Posted by: | Dec 26, 2008 3:15:15 PM
GOOD JOB ALSTON GETTING THAT 2.0 PASSING AVERAGE!!!
Posted by: anon | Dec 26, 2008 3:15:15 PM
Incredible. This is a not a story about a bad experience in law school. The woman got through law school. The woman had it easy in law school. That she did not have it easy outside of law school That she was even allowed to become a member of the bar is crazy. She has mutliple children with different men. Isn't there some morality requirement? Why her angst over a traffic violation? It is not as if it were alcohol related which would have been an over the top indication of a careless disregard of people around her.

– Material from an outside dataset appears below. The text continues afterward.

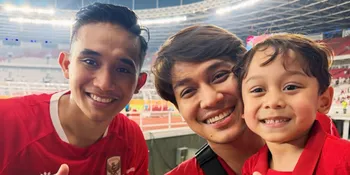 Abang L Anak Lesti Kejora Jadi Pendamping Timnas Indonesia vs Oman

Posted by: Ernie Menard | Dec 26, 2008 3:15:15 PM
1) A commenter said that "one does not study for hours yet fail to maintain a 2.0 average..." I wish that were true, but I know it's not. One can, and does. One can also take an exam drunk, and do quite well. (I saw/smelled the student during and after the test, and saw the grades report posted to his fridge later). I really wish that people would stop pretending there is an exact correlation between grades and effort. There isn't.
2) I found more open, race-based hostility, as well as more cluelessness, in law school than I ever did in the rural area where I grew up. Professors made comments about Asians being interchangeable, students made references to black liking watermelons, and insisted that well-known racist phrases, such as, "jewed down..." were "just funny" or "something people say." Law students are stressed and often quite socially inept. I agree that law school is hard on everyone in different ways. I'm not a minority, but my impression was that being one adds an extra layer of torture to an already painful process.
3) I admire this woman for persevering. Law school is hard enough without trying to figure out how to get your car repaired, and child care issues. I hope she does well as a lawyer. I hope more people who face poverty try to follow her example., And I hope law schools can become a little more tolerant toward students who are not 23 years old, not completely unencumbered by real-world responsibility, and not able to charge any and all expenses to Sallie Mae. Law school's extremely high costs seem very bubble like now, in that they are untethered by any relation to the real-world value of the degree for the great majority of graduates. I don't expect the law schools to become charities, but a little more social responsibility seems appropriate.
Posted by: Elizabeth | Dec 29, 2008 9:51:36 AM
If I have $145k in school debt and nothing else, can I get one of these free houses?
Posted by: Sandra | Dec 29, 2008 11:29:33 AM
I graduated from Washburn Law in 2000. I am not a minority, but I attended and enjoyed fund-raising and social events put on by HALSA and BLSA (Hispanic and Black law student associations.) When I was there, these organizations were very active and visible. I take issue with Ms. Alston's perception that Washburn is a racist environment.
Out of necessity, I worked full-time while attending Washburn, but managed to stay in the top 25% of my class. I did some crying, too, and felt unappreciated by certain professors, but remained calm and professional while in class. I think that Ms. Alston's experience was very subjective and possibly influenced by emotional problems not race.